Seulement, il en va autrement pour la Pologne. Le gouvernement allemand « n’a pas tenu ses promesses […] et franchement, nous en sommes très déçu », a récemment lâché Andrzej Duda, le président polonais. « Nous avons fourni à l’Ukraine un grand nombre de chars. Ce faisant, nous avons affaibli notre propre potentiel militaire et nous avons épuisé nos propres stocks militaires. C’est pourquoi la Pologne espérait également le soutien de l’Allemagne », a-t-il rappelé.

À Berlin, on fait valoir qu’il n’est pas possible de « livrer du matériel lourd en appuyant sur un bouton ou en claquant des doigts ». Il est « important que nous soyons en communication constante les uns avec les autres afin d’éviter tout malentendu », a toutefois estimé Annalena Baerbock, la ministre allemande des Affaires étrangères.

Mais pour la Pologne, le problème reste entier. Aussi cherche-t-elle à se procurer des Leopard 2 [dont elle dispose déjà environ 250 exemplaires] auprès de pays qui en mettent en oeuvre. Et cela, en plus des 250 chars M1A2 SEPv3 Abrams que les États-Unis doivent lui livrer, dans le cadre d’un contrat de 5 milliards d’euros. Et c’est la raison pour laquelle elle s’est tournée vers la… Suisse.

En effet, par le passé l’armée suisse a reçu jusqu’à 380 chars « 87 Leo » [c’est à dire des Leopard 2A4]. Et il lui en reste 134 en ligne et 96 en réserve. Certains ont été transformés en engins de génie ou chars de dépannage. Et 42 ont été repris en 2010 par le groupe allemand Rheinemetall, lequel devait utiliser les « châssis pour la construction de véhicules d’appui », selon un communiqué publié à l’époque.

Quoi qu’il en soit, les Leopard 2A4 mis en réserve ne pouvaient qu’intéresser la Pologne, qui a adressé à cette fin une demande à Berne, en la motivant par le fait qu’elle « a livré des armes en quantité substantielle à l’Ukraine, y compris des moyens lourds, et qu’elle a donc maintenant besoin de moyens pour reconstituer ses propres stocks et capacités de défense ».

Cette démarche s’est révélée vaine, les autorités suisses ayant exclu tout transfert de ces Leopard 2A4. « Étant donné que l’aliénation de chars désaffectés à un autre État suppose en amont une mise hors service de ces systèmes, étape soumise à l’approbation du Parlement dans le cadre de messages sur l’armée, le DDPS [département de la Défense, de la Protection de la population et des Sports, ndlr] estime que, dans les circonstances actuelles, l’aliénation de chars désaffectés à la Pologne ne peut pas être réalisée dans un délai utile », ont-elles expliqué, via un communiqué publié le 3 juin.
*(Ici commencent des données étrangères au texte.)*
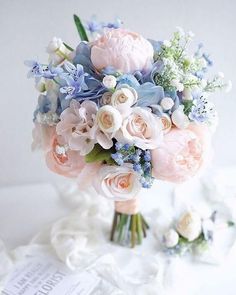 a bouquet of pink and blue flowers on a white table with a book in the background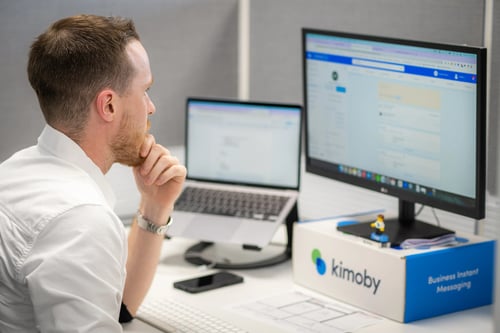A Kimoby employee at a desk working with two computer screens.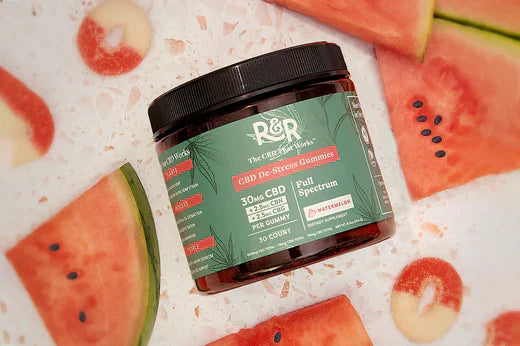 R&R watermelon-flavored CBD De-Stress gummies placed alongside freshly cut watermelons on a white stone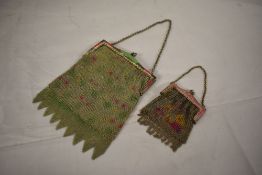 An early 20th century chain bag, having painted frame and clasp fastening with blue gem stone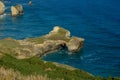 Tunnel Beach - southwest of the city centre of Dunedin. Tunnel Beach has sea-carved sandstone cliffs, rock arches and caves. New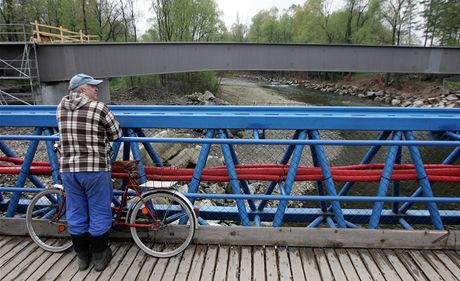 Mu sleduje z provizorní lávky stavbu nového mostu pes Ostravici.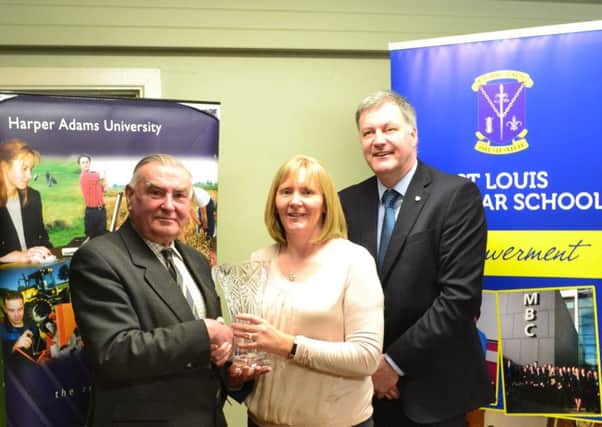 Basil Bayne of Harper Adams in Ireland presents a crystal vase to Ms Louise Gildea, Head of Geography and Agriculture teacher at St Louis Grammar as a perpetual award to recognise achievement on the BTEC Agriculture course offered at the school. Included, Sean Rafferty, Principal.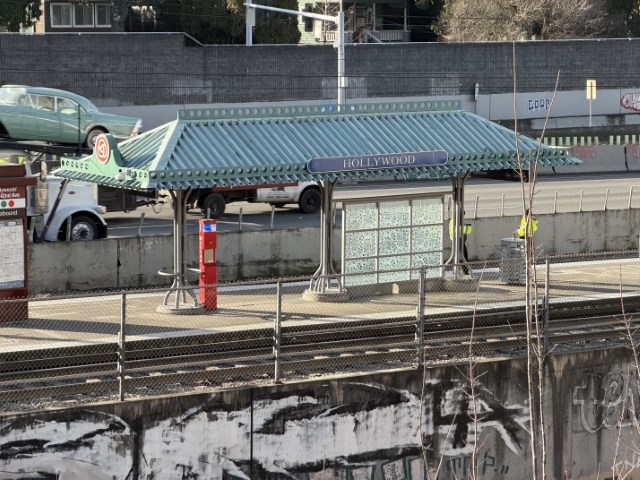 Hollywood MAX station platform adjacent to hollywoodHUB construction site, Northeast Portland – January 12, 2026, showing direct transit access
En revanche, la Suisse estime que l’Allemagne « peut disposer librement » des 42 chars revendus à Rheinmetall. Au passage, ces Leopard 2A4 ne sont pas complets puisque leur canon de 120 mm, leurs mitrailleuses ainsi que d’autres composants avaient été préalablement démontés.
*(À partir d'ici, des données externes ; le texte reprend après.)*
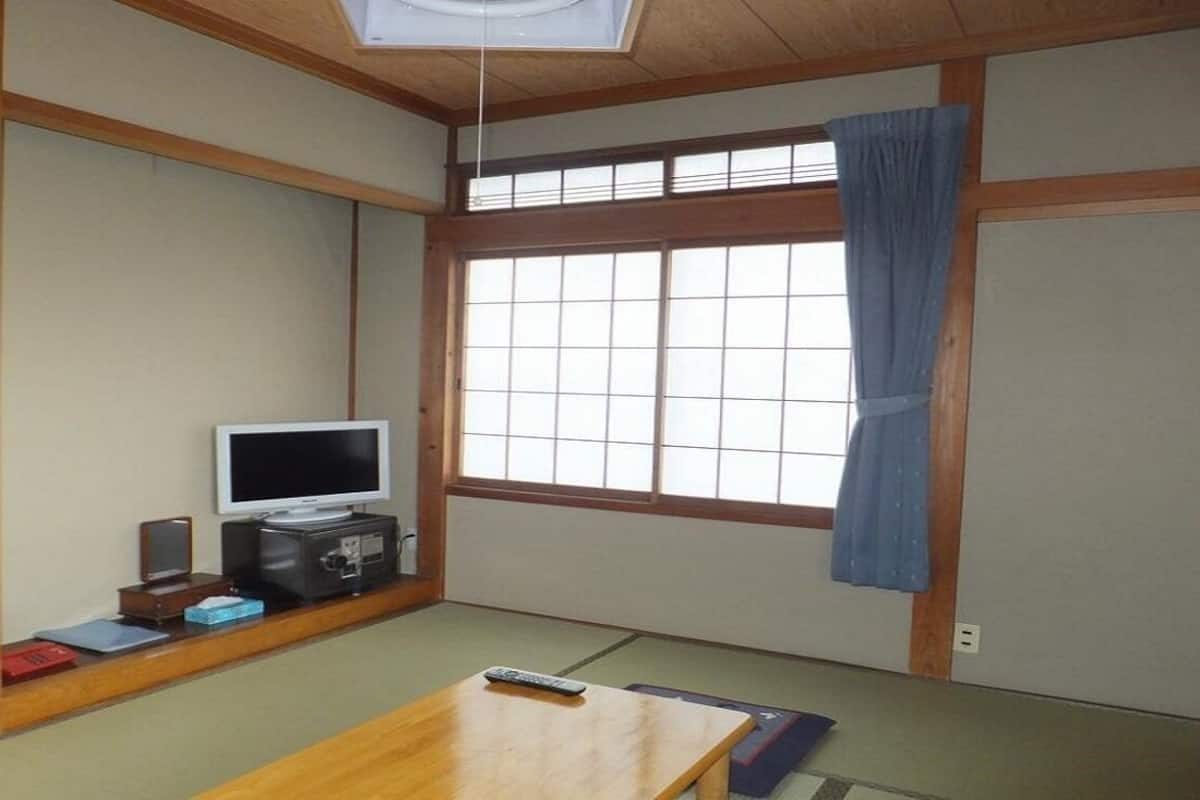 Une pièce de style japonais traditionnel, avec un sol recouvert de tatamis, un téléviseur, une petite armoire et une fenêtre avec un rideau.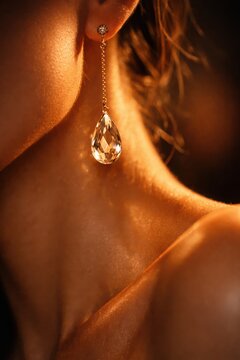 Extreme macro captures glamorous diamond earring dangling near model neckline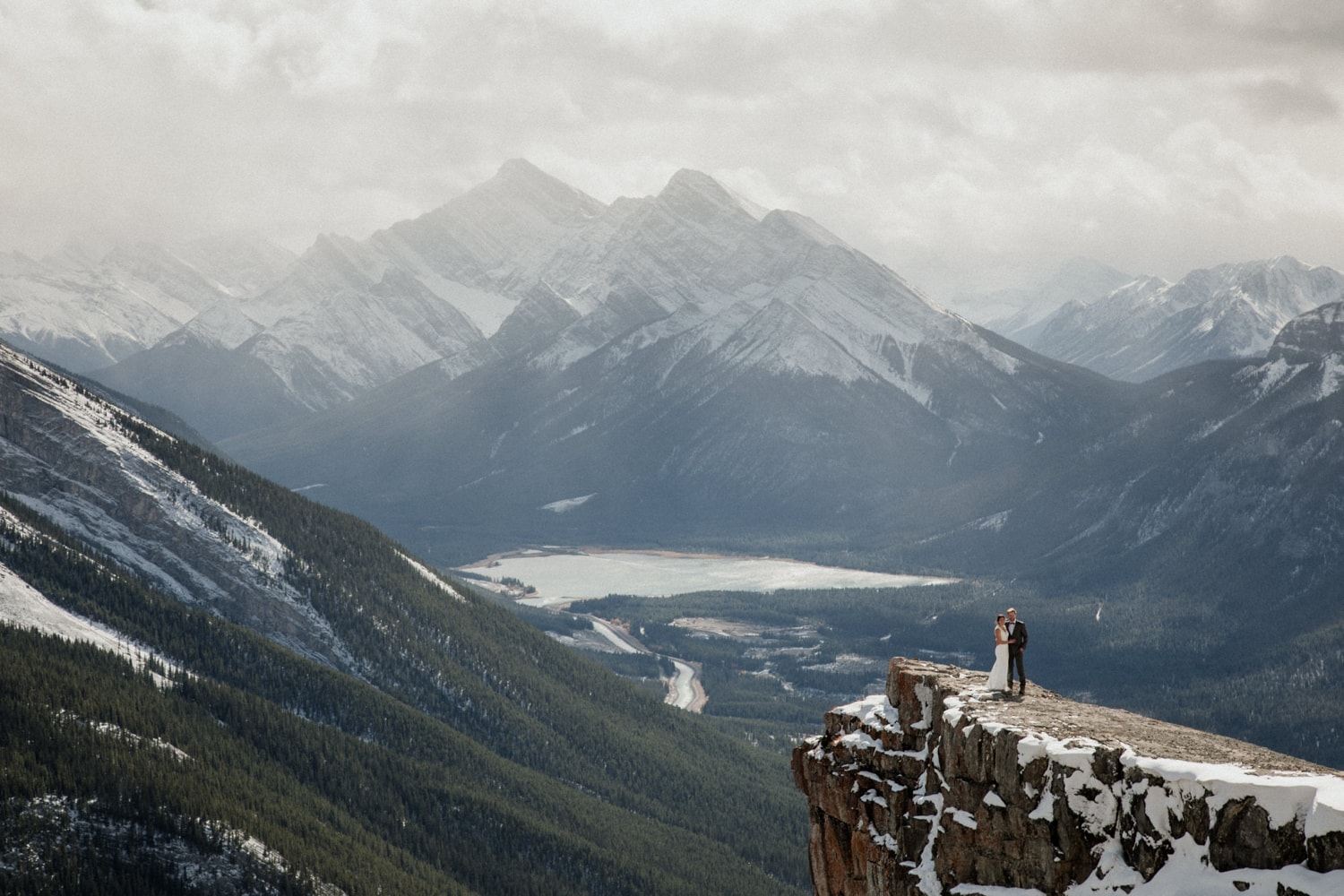 A couple in wedding attire stands atop a mountain in Banff National Park with epic mountain views and clouds in the background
« Le DDPS a confirmé à l’Allemagne que l’utilisation ultérieure des chars vendus il y a douze ans déjà relève de la seule responsabilité de Rheinmetall et est donc soumise à la législation allemande sur l’exportation de matériel de guerre. L’Allemagne peut ainsi décider librement de l’utilisation ultérieure de ces véhicules », a expliqué Armasuisse.

Par ailleurs, Berne a confirmé son refus de donner suite à une demande allemande concernant environ 12400 obus de 35 mm de fabrication suisse pour les blindés anti-aériens Gepard que Berlin a l’intention de donner aux forces ukrainiennes. Même chose pour une requête adressée par le Danemark au sujet de 22 blindés Piranha III produits en Suisse.
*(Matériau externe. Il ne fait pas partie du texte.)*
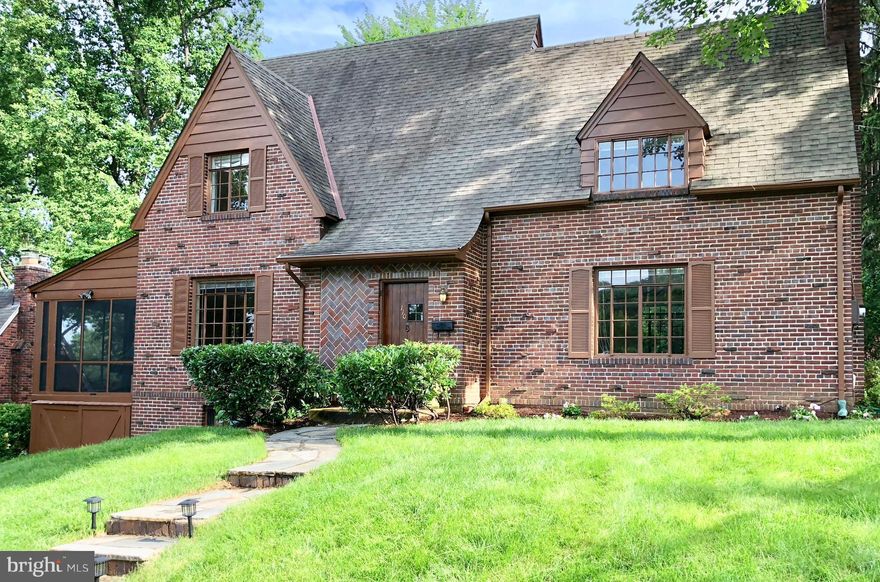 Classic Del Ray Tudor offering 3 spacious bedrooms, 2 full baths, wood burning fireplace and exposed beams in living room, hardwoods throughout, built-ins, updated kitchen with loads of storage, granite, & stainless appliances, Charming, airy screened porch, extensive hardscape and one car garage. Great possibilities for finished space in basement. Walk to Metro, "The Avenue", parks & trails.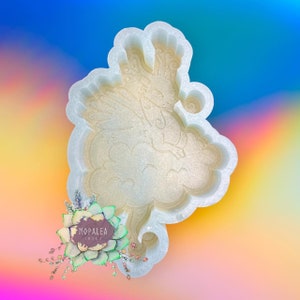 May include: White silicone mold with a detailed design of a fairy flying in the clouds. The mold is designed for crafting and creating resin art.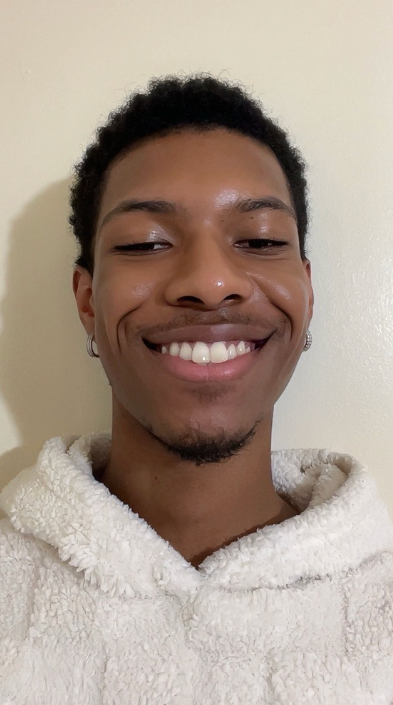 Seven against a white wall, smiling for the camera.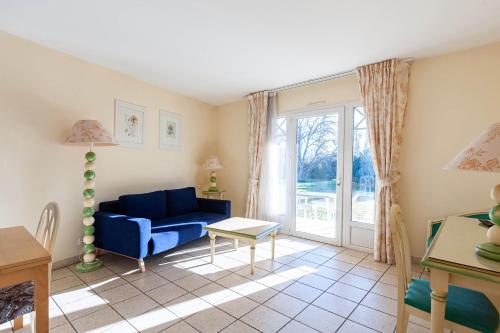 ein Wohnzimmer mit einem blauen Sofa und einem Tisch in der Unterkunft Residhotel Golf Grand Avignon in Vedène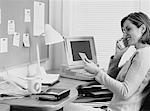 Femme d'affaires en utilisant le téléphone sans fil au bureau
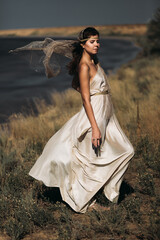 A beautiful girl in a stilted suit stands on a mountain above the sea, a lake on a sunny day.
« Selon la loi fédérale sur le matériel de guerre [LFMG], les exportations de matériel de guerre doivent être refusées si le pays de destination est impliqué dans un conflit armé international. Or la Russie et l’Ukraine sont impliquées dans un tel conflit. Comme les exportations de matériel de guerre de provenance suisse à destination de l’Ukraine ne peuvent être autorisées en raison de l’égalité de traitement découlant du droit de la neutralité et des dispositions de la LFMG, il n’est pas possible de répondre favorablement aux demandes de l’Allemagne et du Danemark en vue de la transmission de matériel de guerre à l’Ukraine », ont expliqué les autorités suisses.